--- TASK TO CARRY OUT ---
Your answer must be an exact copy of the listing below.

--- DATA EXTRACT ---
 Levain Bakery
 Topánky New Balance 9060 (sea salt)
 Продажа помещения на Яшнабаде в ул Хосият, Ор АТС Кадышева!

--- ANSWER BOX ---
 Levain Bakery
 Topánky New Balance 9060 (sea salt)
 Продажа помещения на Яшнабаде в ул Хосият, Ор АТС Кадышева!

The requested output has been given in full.